James Francis Hatfield Harter (1854 - 20 October 1910) was an English landowner and administrator.

==Biography==
Harter owned Cranfield Court in Bedfordshire. He was educated at Eton School and Magdalene College, Cambridge.

Harter served as justice of the peace for Bedfordshire and Buckinghamshire, and was High Sheriff of Bedfordshire in 1885. He was a member of the first Bedfordshire County Council on its establishment in April 1889, and twice President of the Bedfordshire Agricultural Society.

In the 1890s and 1900s, Harter was a major shareholder in British railway development.

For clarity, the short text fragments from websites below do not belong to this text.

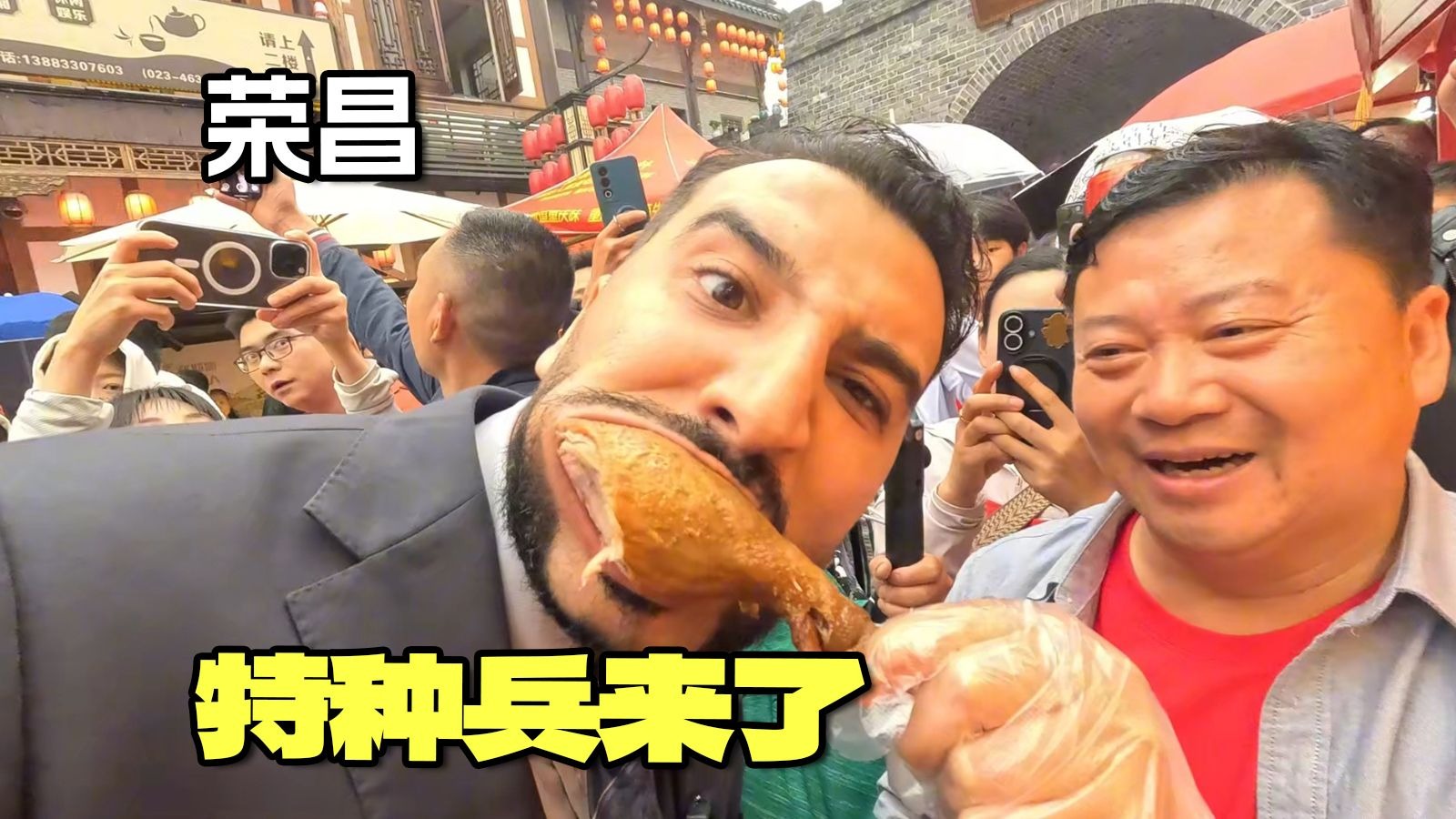 8008幸福宝官网隐藏入口教育：解锁幸福之门的钥匙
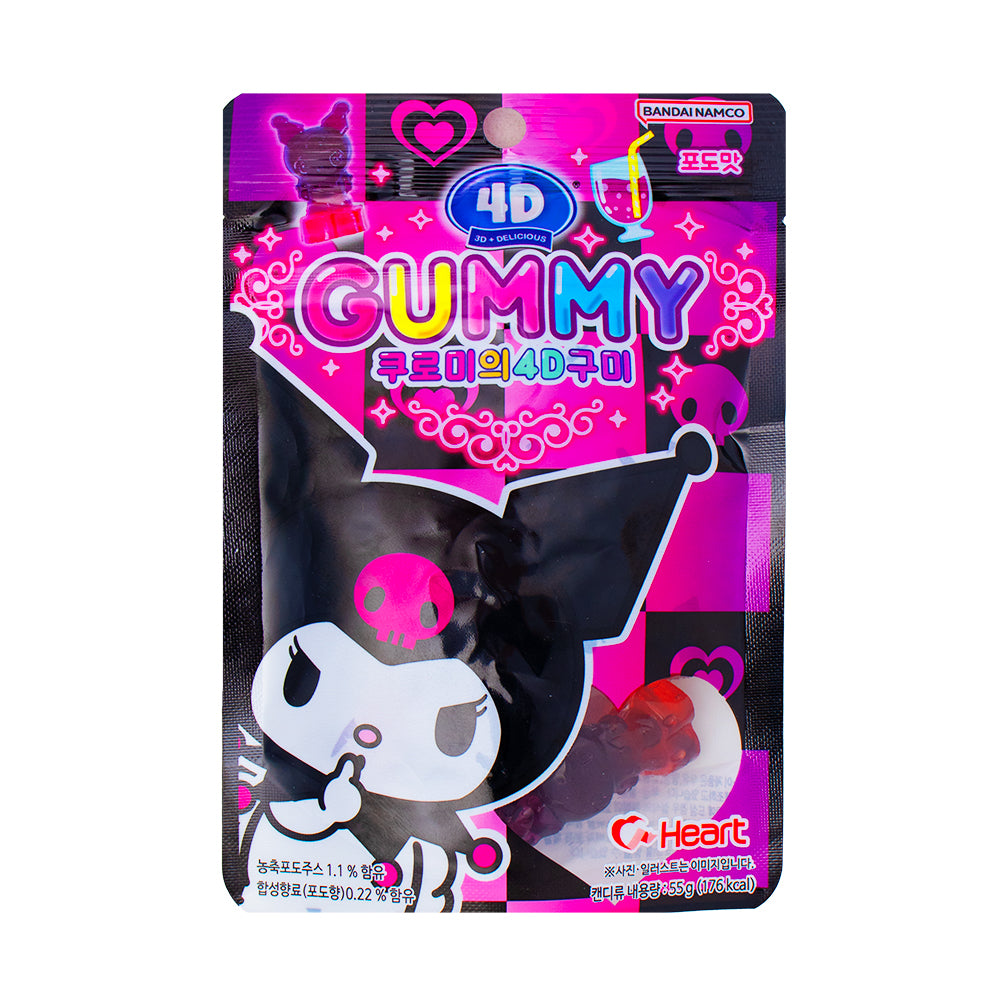 Kuromi 4D Gummy Grape (Korea) - 55g | Candy Funhouse – Candy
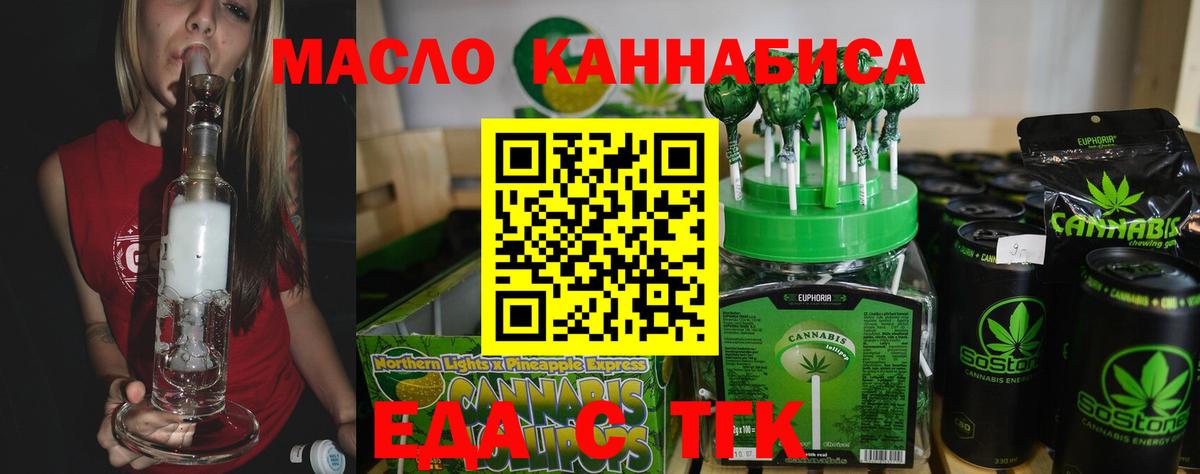 Печенье с ТГК конопля  Вход с VPN  Кизилюрт 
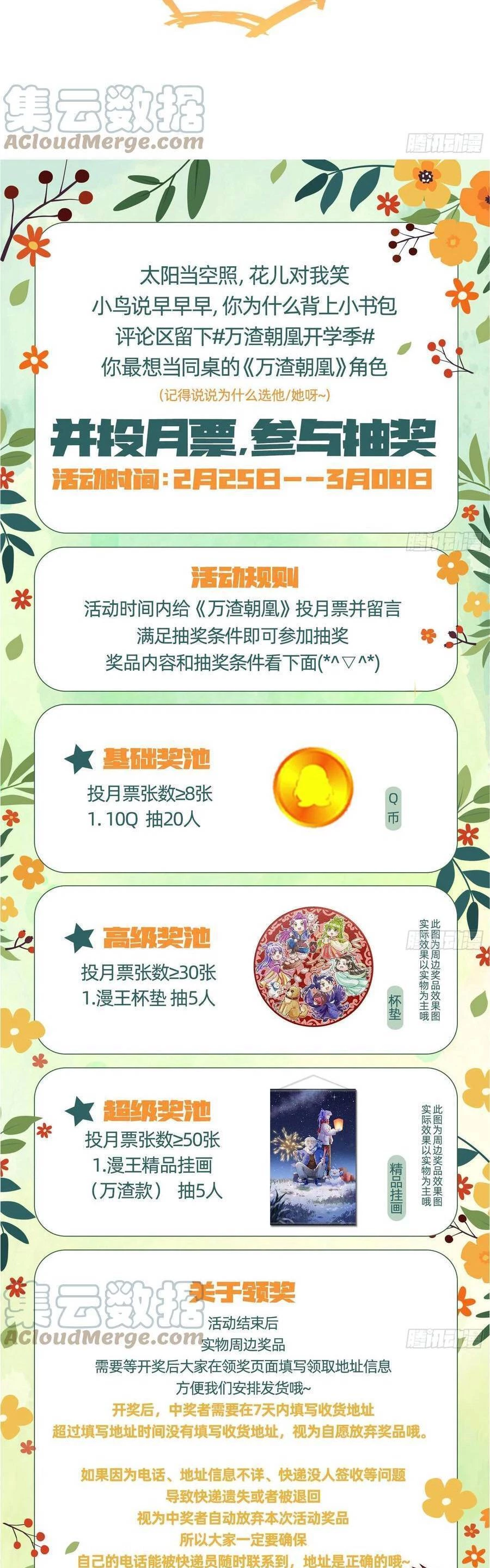 Vạn Tra Triêu Hoàng Chapter 417: Lời thề tâm ma - Trang 4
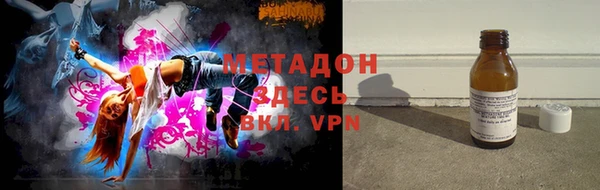 мефедрон VHQ Горнозаводск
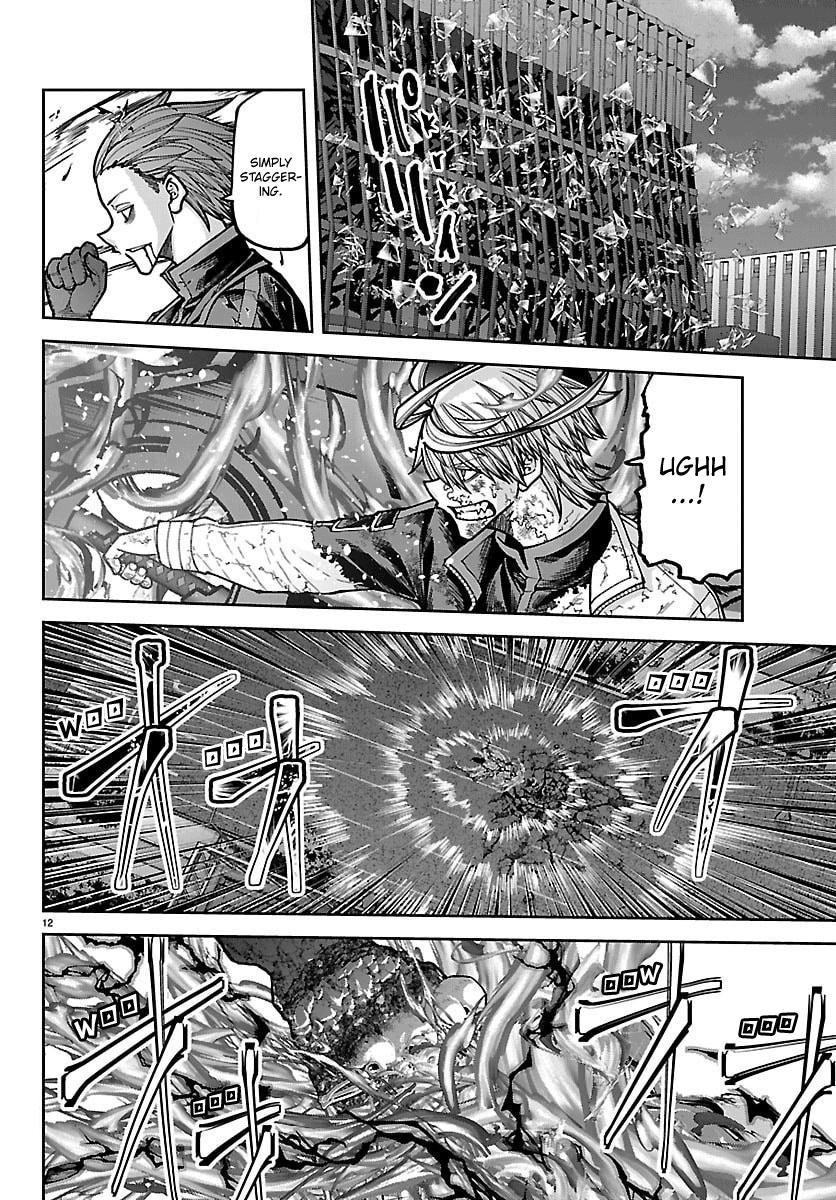 Tougen Anki - Legend of the Cursed Blood Chapter 270 page 9 - 
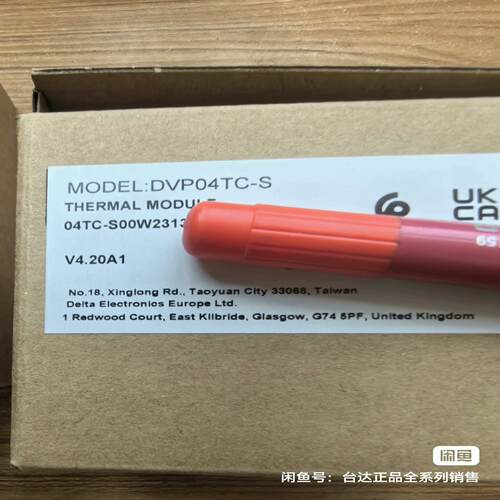 议~DVP04TC-S 台达模块，全新正品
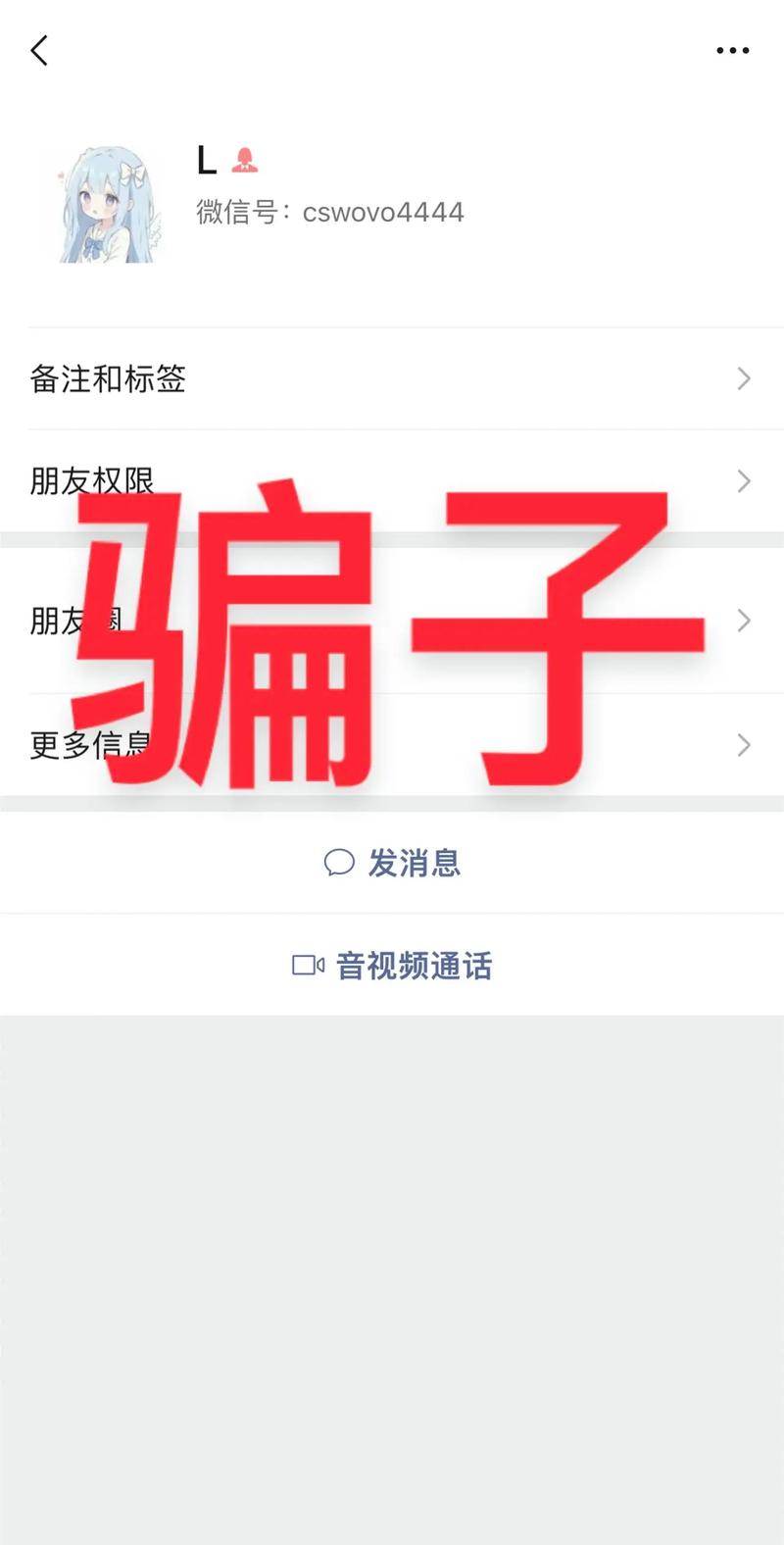 大骗子下载地址大全:免费高速下载歌曲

Harter was an army officer in the Royal Buckinghamshire Hussars, a Yeomanry regiment, where he was appointed major on 17 June 1896. He was lieutenant-colonel in command of the regiment from 30 January 1900 until he resigned on 20 September 1902, when he was granted the honorary rank of colonel.

He died at Cranfield Court on 20 October 1910. After his death in 1910, Cranfield Village Hall was built in his memory the following year, and opened in 1912.

==Family==
Harter married in 1887 Violet Loftus, daughter of Captain Douglas Loftus, Grenadier Guards. They had a daughter Violet Harter, who married Esmé Arkwright.